The district court also dismissed the action for a second, independent reason: the plaintiff had failed to adequately plead that the defendant used an “automatic telephone dialing system.” Section 227(a)(1) of the TCPA defines such a system as “equipment which has the capacity—(A) to store or produce telephone numbers to be called, using a random or sequential number generator; and (B) to dial such numbers.” The defendant argued that confirmatory text messages were not produced as a result of randomly or sequentially generated numbers, but rather were responses to “STOP” messages from particular phone numbers. The court agreed, noting that the complaint “neither specifies that the device [used to send the confirmatory text message] has the capacity to store or produce telephone numbers nor that the system uses a random or sequential number genera[tor] to text message the numbers.” The court concluded that a mere “allegation that there ‘was no human intervention on the part of the defendant’ does not satisfy or allege the requirements of the statute.”
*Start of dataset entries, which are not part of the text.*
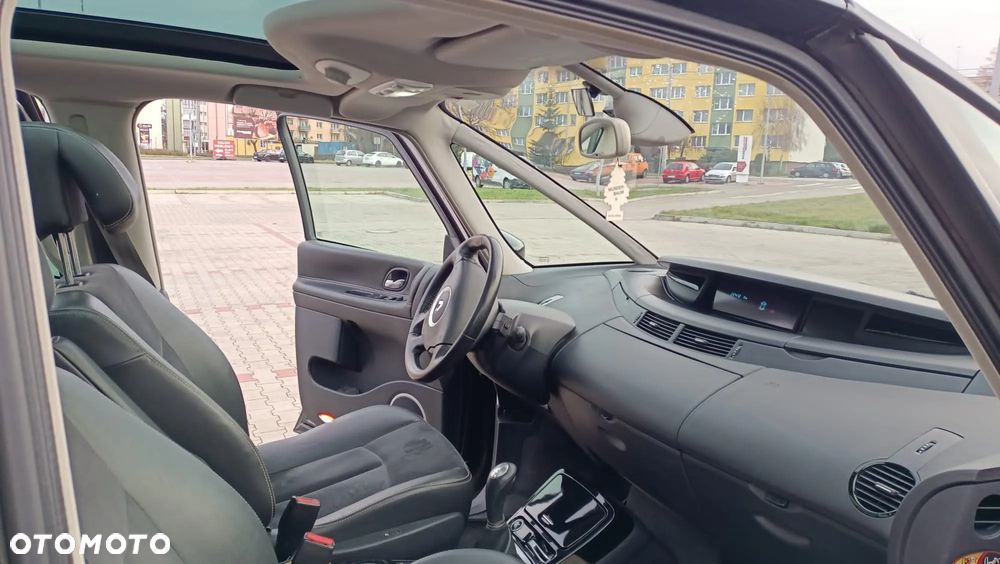 Renault Espace - 10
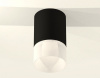 Открыть Накладной светильник Ambrella Light XS XS7422025 Фото Накладной светильник Ambrella Light XS XS7422025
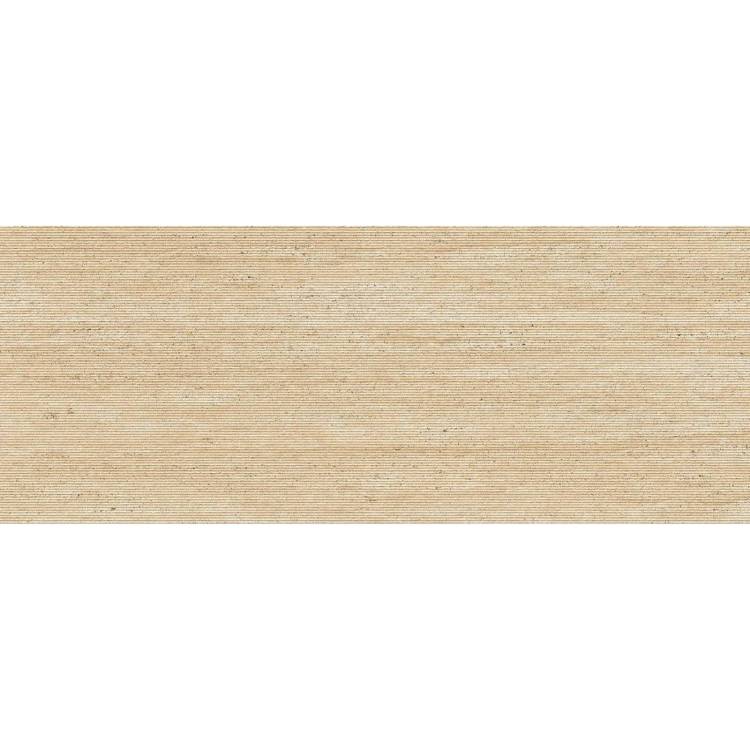 Керамическая плитка Porcelanosa Taranto 100363883 Gold Line 59.6x150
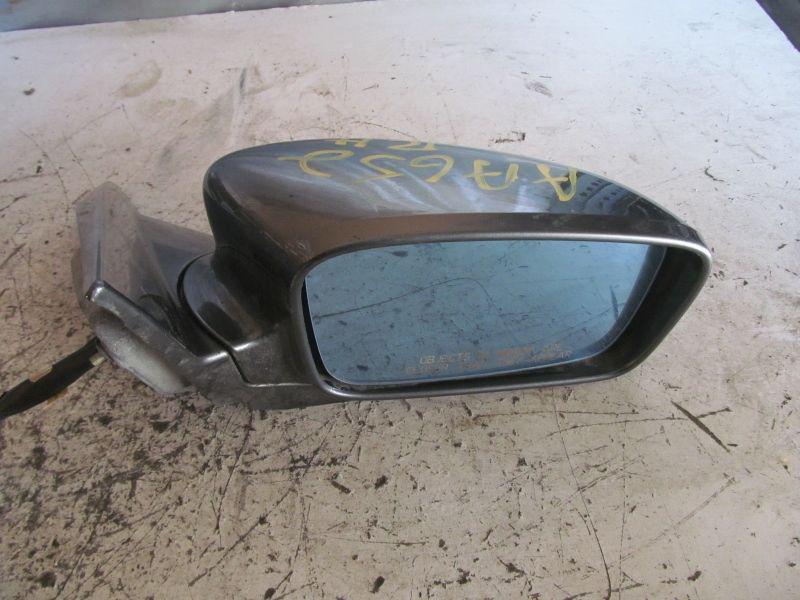 Door mirror 2004 acura tl rh right passenger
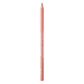 New beauty Creation Lip Liners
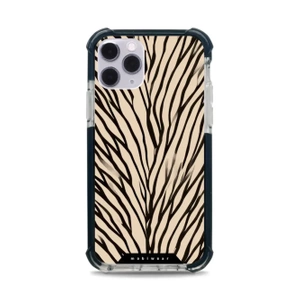 Hülle MagSafe Elite Bumper für Apple iPhone 11 Pro - Farbe DA52D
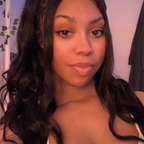 Onlyfans leaks pinklover1 

 profile picture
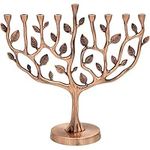 The Dreidel Company Menorah Tree of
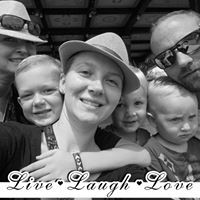 Profile Picture of Whitney Womack (@whitney-womack-4) on Quora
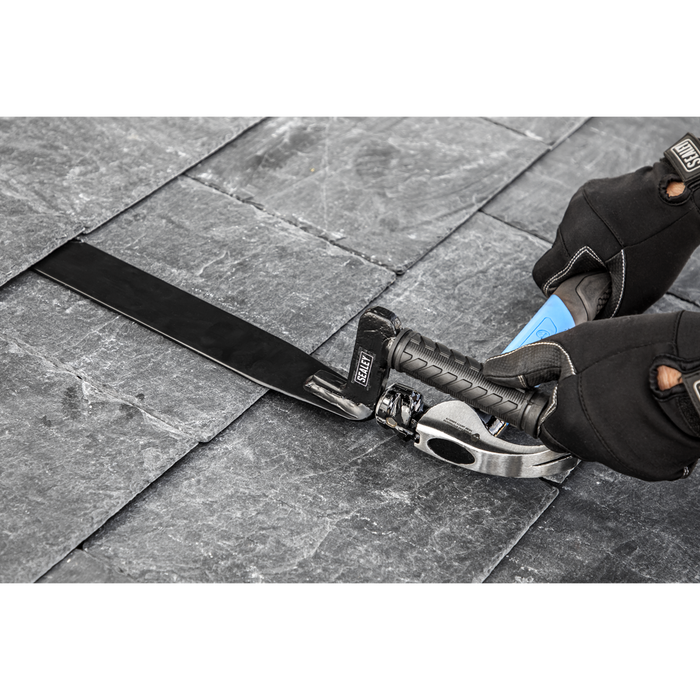 Slater's Ripper 580mm | SR700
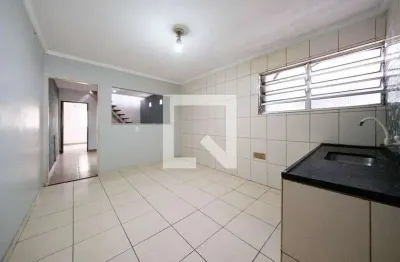 Casa para aluguel - ermelino matarazzo, 3 quartos,  85 m² - são paulo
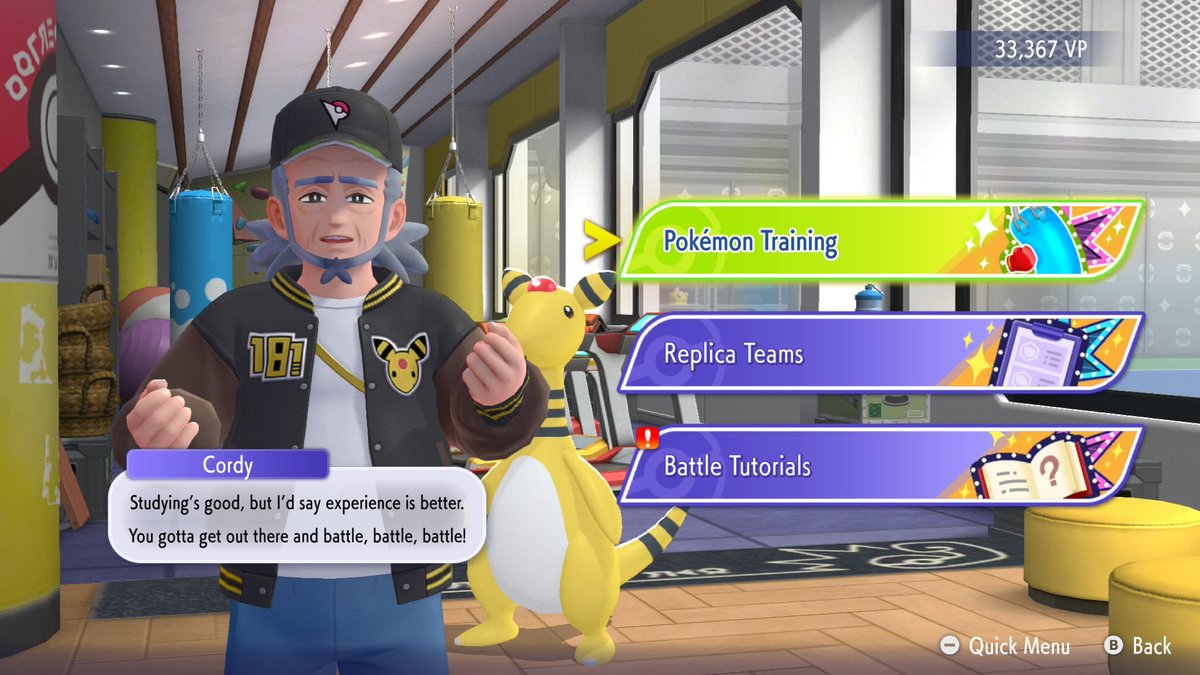 mickey🔜LA tweet media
The Ibey decision is important for any business that uses text messaging to communicate with consumers. As noted above, the pace of filings of TCPA class actions is on the rise, and plaintiffs are increasingly alleging that that standard practice of sending messages to confirm opt-out requests violates the TCPA. Several defendants have settled class actions raising these allegations, and at least one court has denied a motion to dismiss a class action relying on such allegations without squarely confronting the propriety of the plaintiff’s theory that the TCPA forbids confirmatory text messages. In contrast, the Ibey court addressed the issue head on and dismissed the claims. Ibey thus offers companies facing such suits, or concerned about the possibility of similar litigation, support for the argument that confirmatory text messages alone do not violate the TCPA.